Ceph

Ceph Deployment

All of our components are deployed and managed with a puppet module forked from a module started by the Openstack group.

The module code is available on Github: https://github.com/MI-OSiRIS/puppet-ceph

The README included in the Github repository covers module usage. It has been updated to reflect our changes since the fork.

Ceph Monitor Settings

You can set these in /etc/ceph/ceph.conf under the [mon] section.

For a larger clusters the recommendation is to use more RAM for the monitor RocksDB cache. We also cache a larger number of OSD map under the theory that more is better here as far as avoiding slower disk storage (though our monitor VMs reside on NVMe devices). These settings are referenced in the Ceph 13.2.3 release notes.

rocksdb_cache_size = 1073741824   #  default is 536870912
mon_osd_cache_size = 1000         #  default is 500

We also set longer lease timeouts because we had some occurences under heavy load where monitors were constantly being forced into elections due to timeouts on lease acknowledgements. These may no longer be necessary due to other optimizations (caching, recovery throttling) but in a deployment with higher latency between monitor instances there may be more potential to still get into situations where the monitors are having lease timeout issues.

mon_lease   = 10
mon_lease_renew_interval = 7
mon_lease_ack_timeout = 20

We set OSD reporter limits higher to to match our cluster size and crush tree. Subtree limit means that ceph will not automatically mark out a whole host or a whole site even if all the osd are down - typically such a condition indicates that the OSD are fine but a host or site is down for repair, network issue, etc. We don’t want to mark out and have to again replicate the data when it comes back up. Our sites are referred to as ‘member’ in the CRUSH tree.
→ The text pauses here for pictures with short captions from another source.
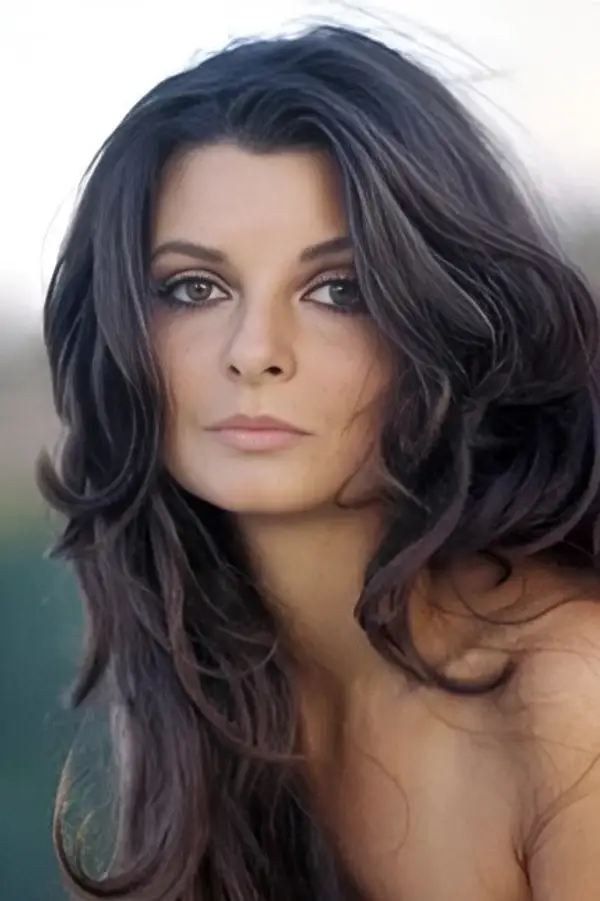 Anne Libert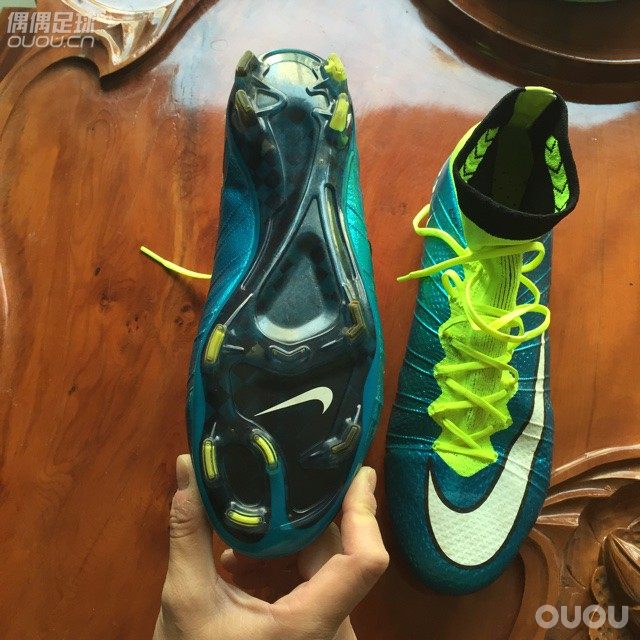 好久没发帖昆明终于迎来了这美丽的天气,这草坪这太阳真的好惬意!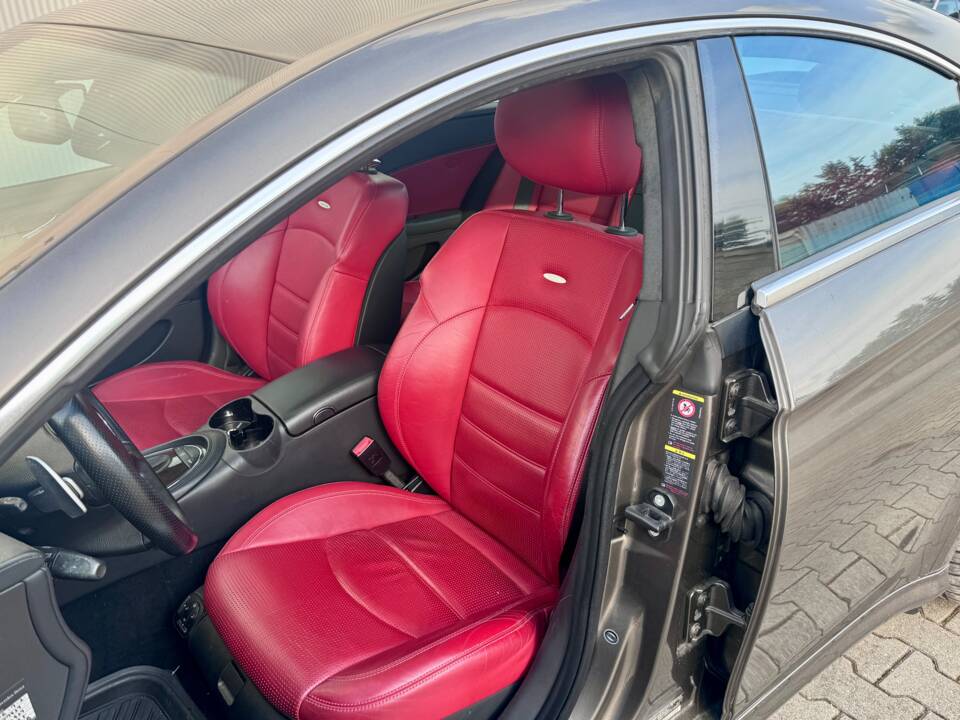 Image 4/6 de Mercedes-Benz CLS 63 AMG (2007)
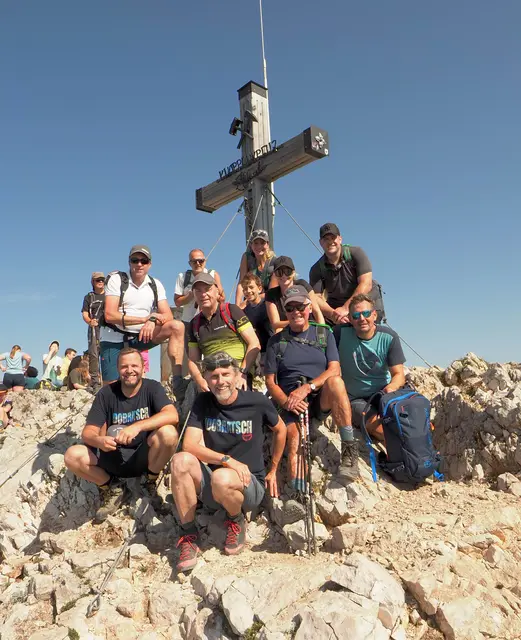 Gipfelfoto mit Bürgermeister Christian Hecher, Hoteldirektoren Helmut Schabernig und Andrea Leitner, Naturpark-Geschäftsführer Robert Heuberger, Hanse Kreuzer und der Bergsteigerlegende Hans Wenzel  | Foto: Robert Heuberger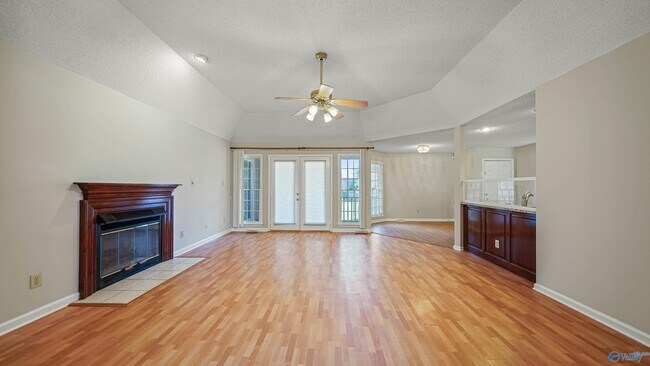 Building Photo - 111 Rolling Lea Pl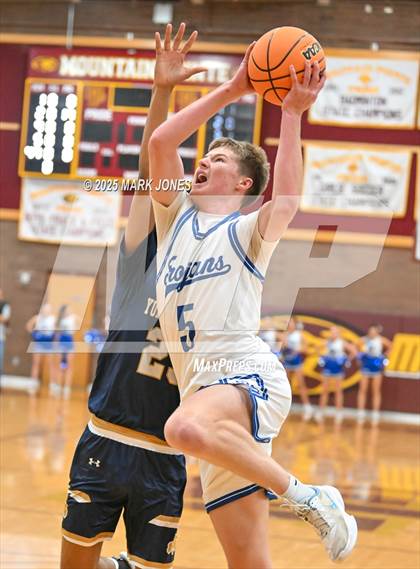 Thumbnail 2 in Valley Christian vs. Yuma Catholic (AIA Copper Semifinal) photogallery.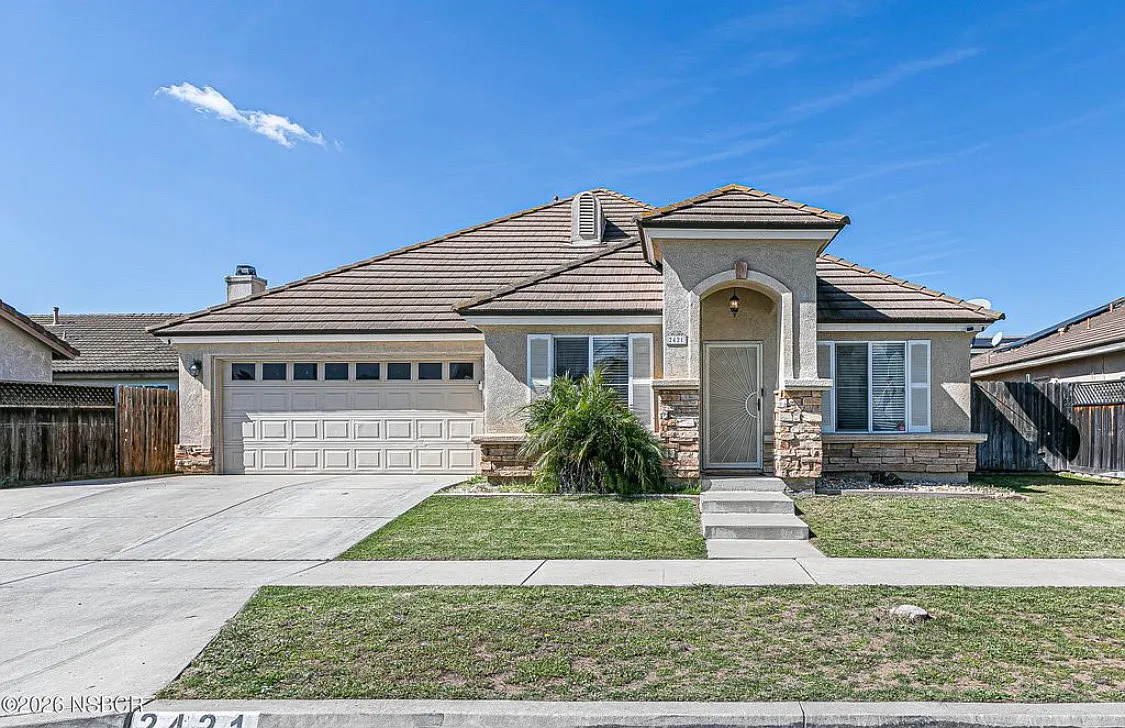 5 bed, 2212 sqft, $5,200 — Photo 1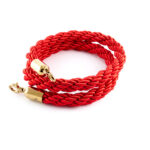 Flätat rött band till entréstolpe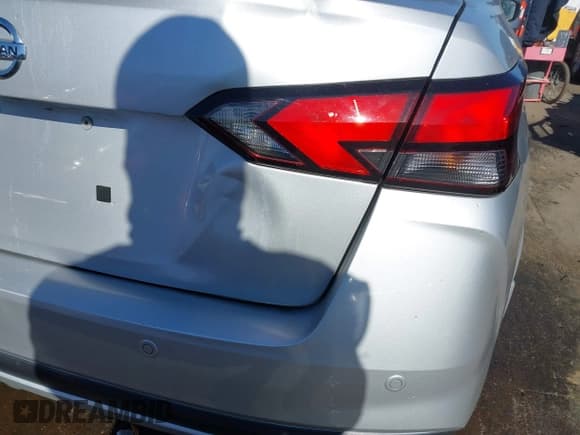 ✅ 2020 Nissan Versa S • VIN: 3N1CN8DV2LL902162 • Lot: 43671182. Listed on IAAI with 138,464 mi. Free auction sales archive from the USA and detailed vehicle history report at DreamBid. Image 18.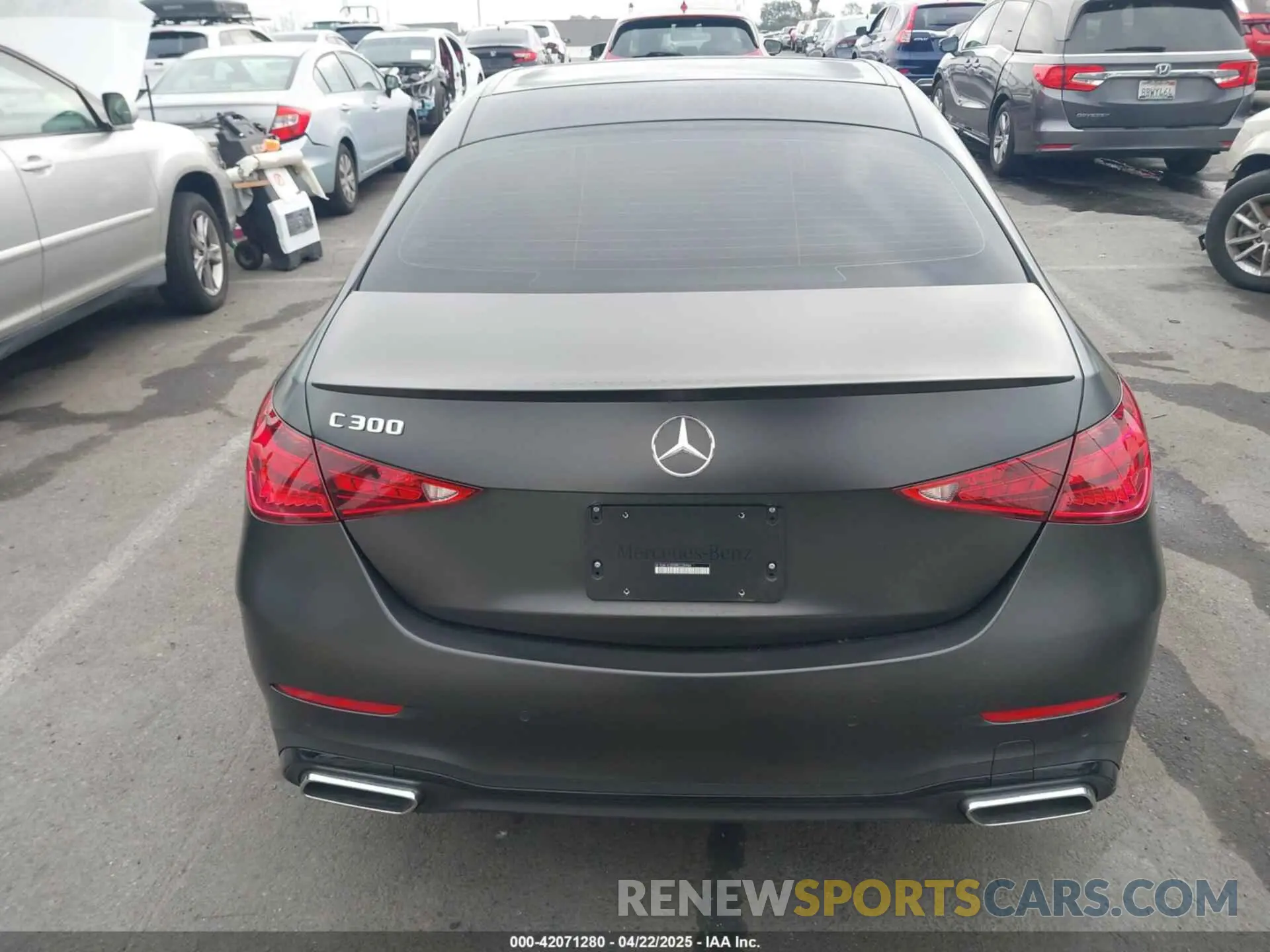 16 Photograph of a damaged car W1KAF4GB0RR228984 MERCEDES-BENZ C 300 2024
mon_osd_down_out_subtree_limit = 'member',
mon_osd_min_down_reporters = 5  # recommended to set to 3 or 5 for larger clusters - default is 1

Our provisioning system creates several small-PG count new pools for virtual orgs in OSiRIS (we later increase PG counts depending on usage). As a result there is a large skew between the number of objects per-PG in our different pools. We set the skew higher than the default so we do not get warnings about it.

mon_pg_warn_max_object_skew = 15

Note: You can review available monitor settings using the ‘ceph daemon’ command.

ceph daemon mon.yourmon config show

Ceph Recovery Throttling

Although not currently the case we did for the first several years of the project have network links between our sites that were not equal in bandwidth. In particular we had one site linked with only 10Gbit vs 80 between the other two.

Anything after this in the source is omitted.